Image-text web data
◆ ◆ ◆ ◆ ◆ ◆ ◆

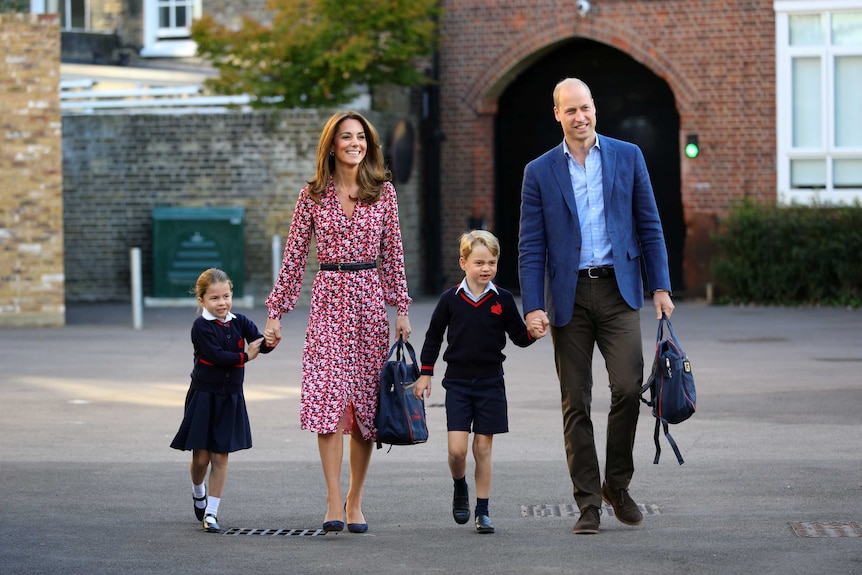 The Duke and Duchess of Cambridge carry walk with their two young children in school uniform along an empty driveway.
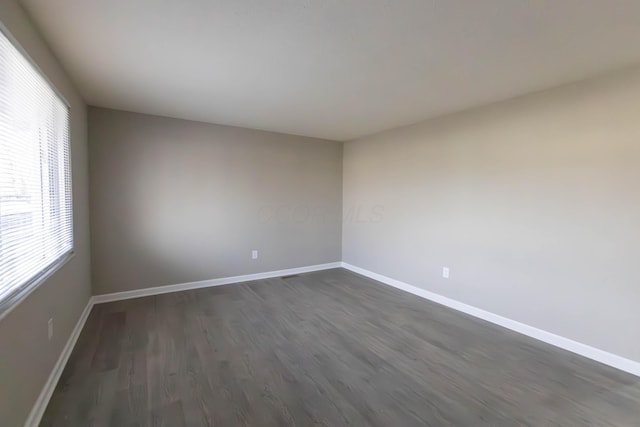 unfurnished room with dark hardwood / wood-style floors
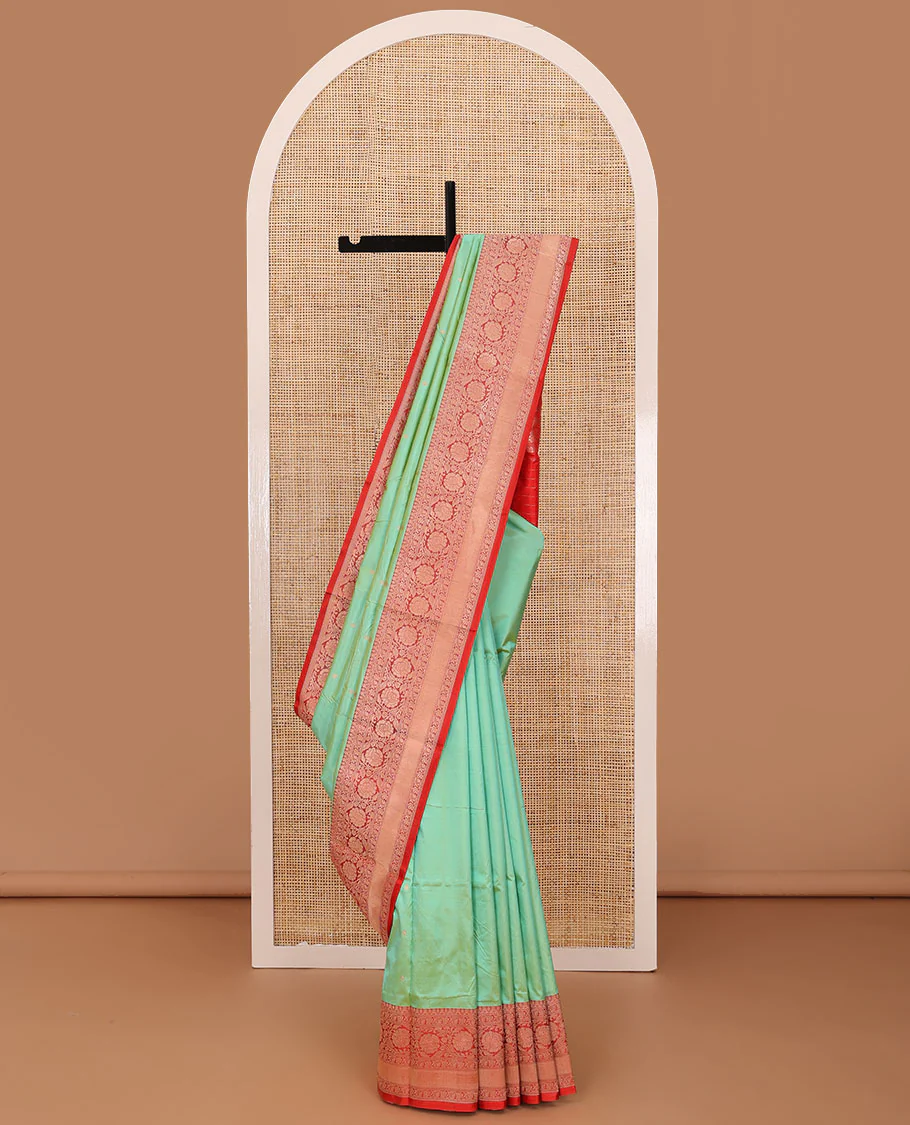 Green zari buttas katan silk saree, contrast traditional border of floral creeper design, and floral jaal pallu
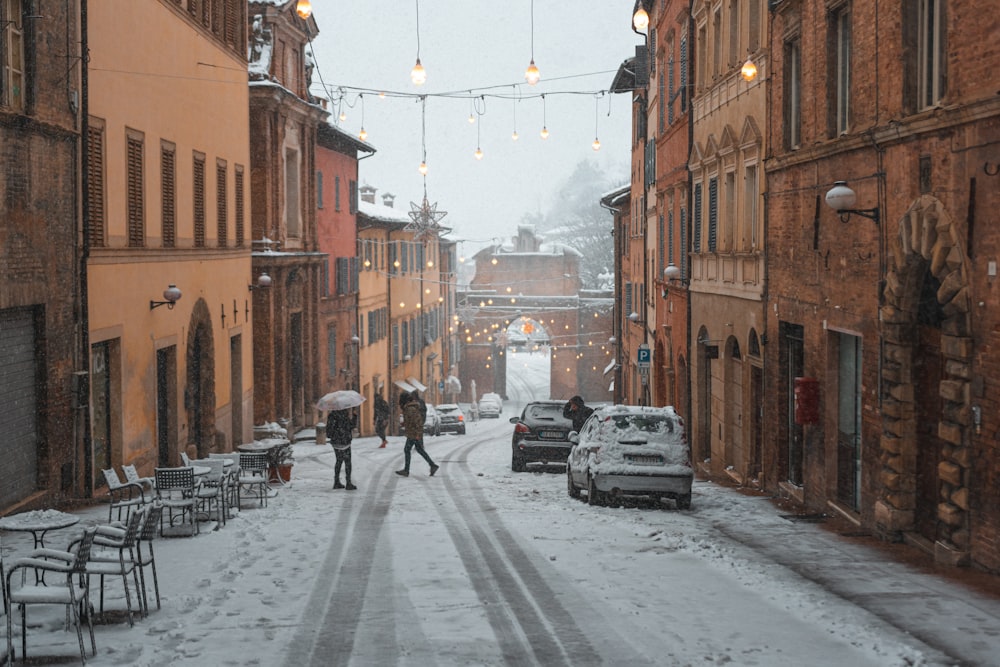 a couple of people walking down a snow covered street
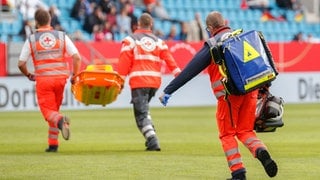 Sanitäter laufen über das Spielfeld (Symbolbild)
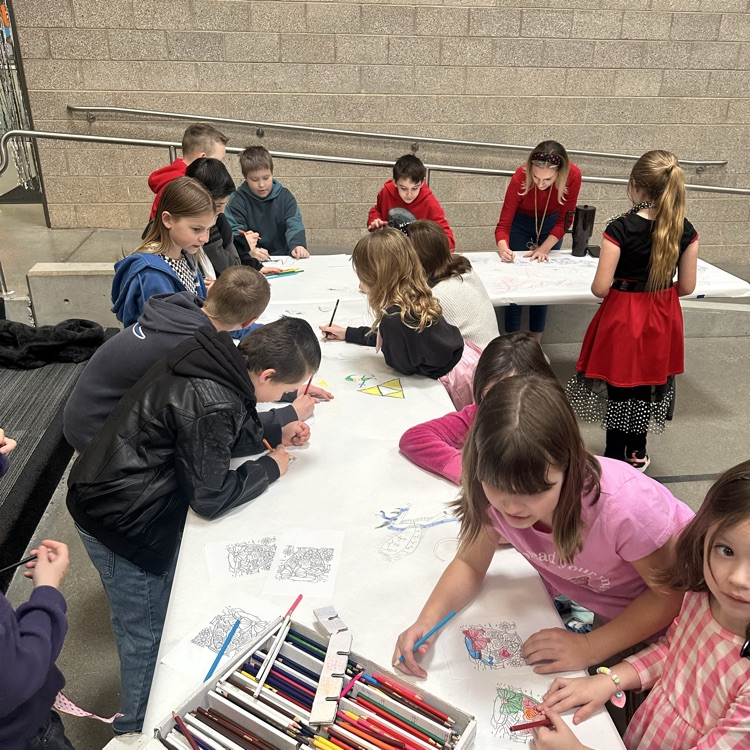 group of children coloring on white paper
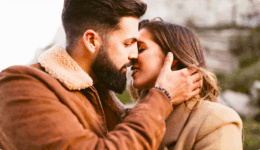 男性が女性の顔に手をやさしく添えながら、キスをしようとしているカップル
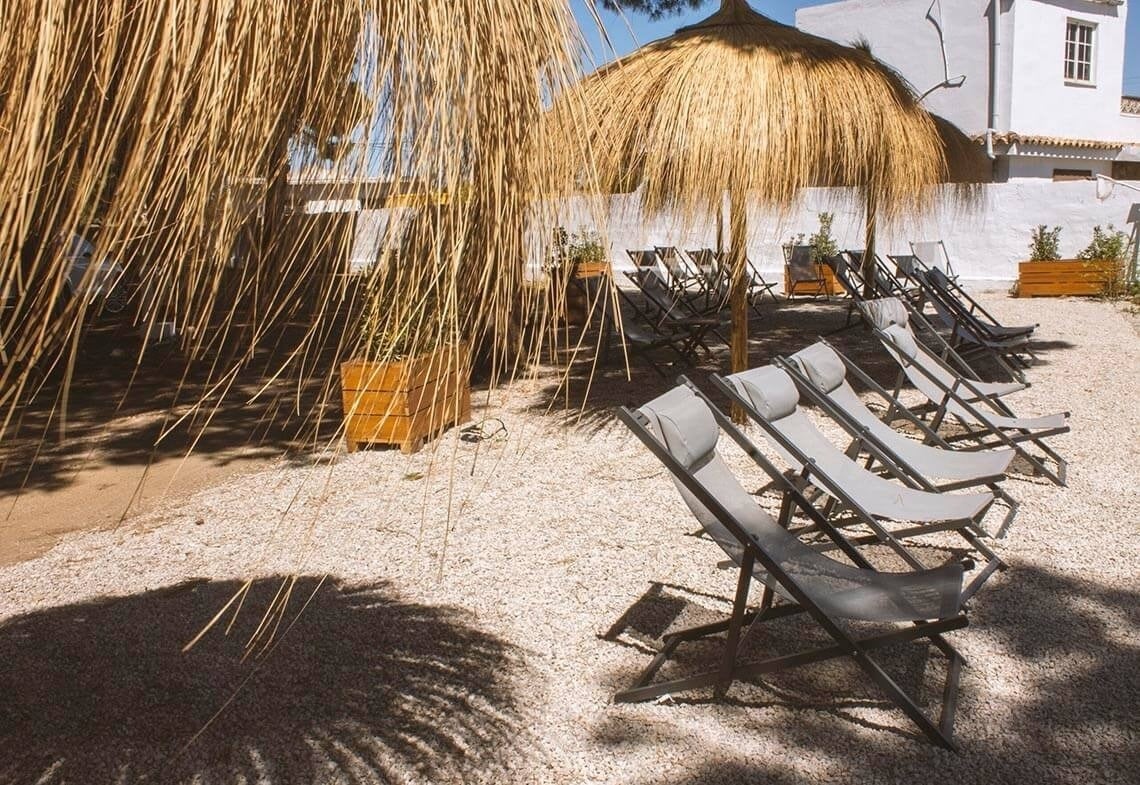 een rij ligstoelen onder een strooien paraplu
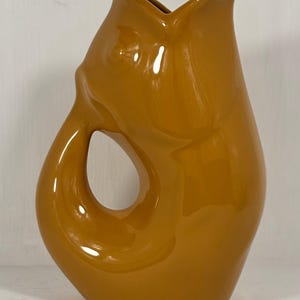 May include: A glossy mustard-yellow ceramic pitcher featuring a stylized fish-shaped silhouette. The handle is integrated into the body, forming a circular opening. The top rim is shaped like an open fish mouth, creating a distinct spout for pouring.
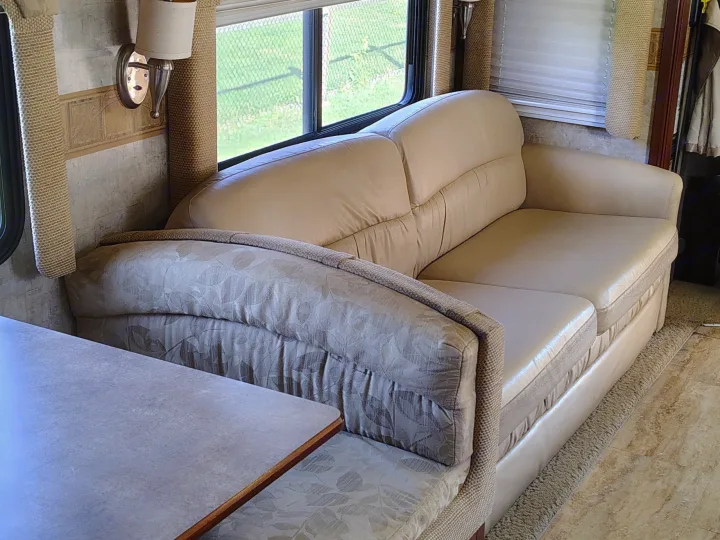 Cozy RV rental interior featuring a beige sofa, patterned dinette, and windows with outdoor scenery for your travels.. Fleetwood 38v 2008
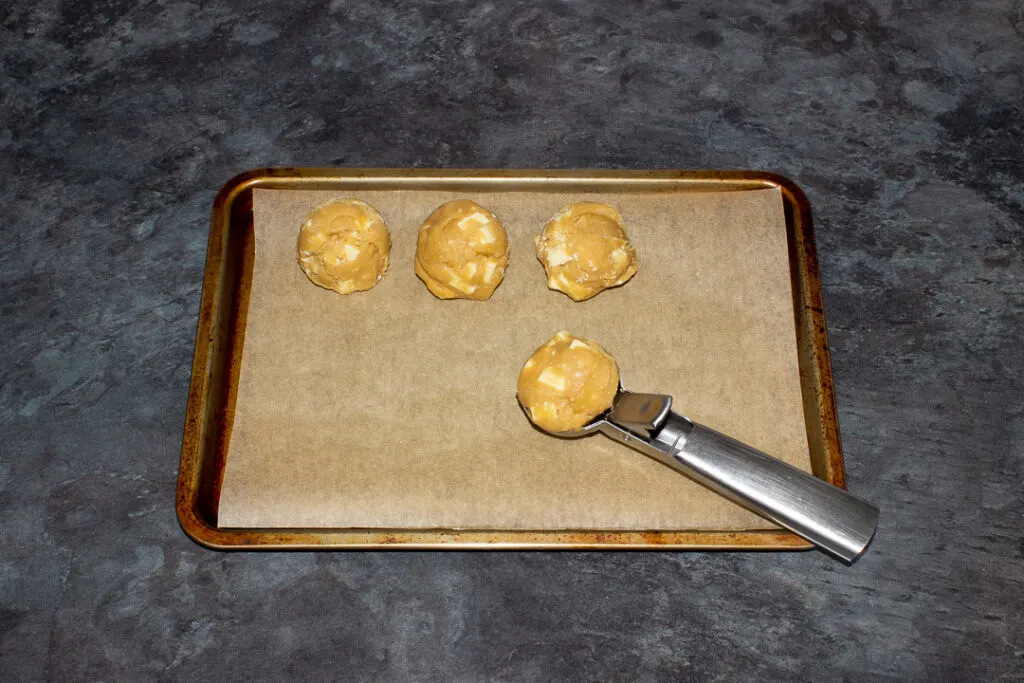 Balls of white chocolate chip cookie dough on a lined baking tray with an ice cream scoop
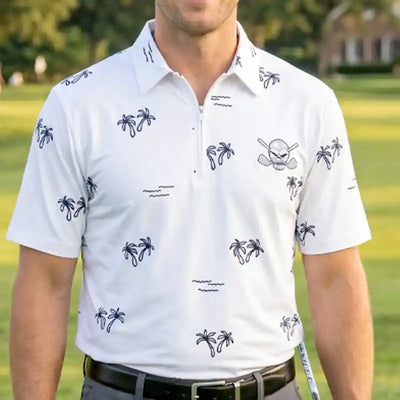 golfer wearing a white polo shirt with black patterns on a golf course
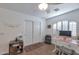 Well-lit bedroom with wood floors, a desk, and ample closet space at 7777 E 2Nd St # 303, Scottsdale, AZ 85251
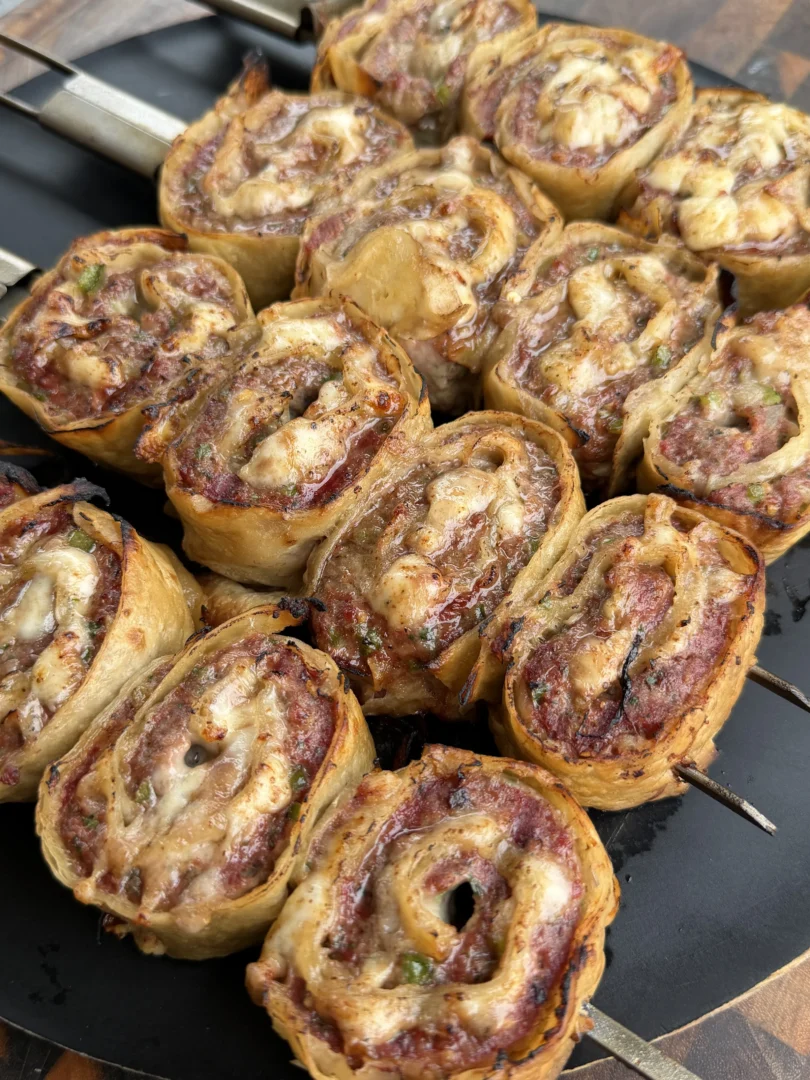 Golden-brown cheesy beef tortilla pinwheels threaded on metal skewers cooking on a black grill pan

◆ ◆ ◆ ◆ ◆ ◆ ◆

Write out, exactly as they stand, the line with "Balls of white" and every line after it through the end of the entries above; omit the pictures.

 Balls of white chocolate chip cookie dough on a lined baking tray with an ice cream scoop
 golfer wearing a white polo shirt with black patterns on a golf course
 Well-lit bedroom with wood floors, a desk, and ample closet space at 7777 E 2Nd St # 303, Scottsdale, AZ 85251
 Golden-brown cheesy beef tortilla pinwheels threaded on metal skewers cooking on a black grill pan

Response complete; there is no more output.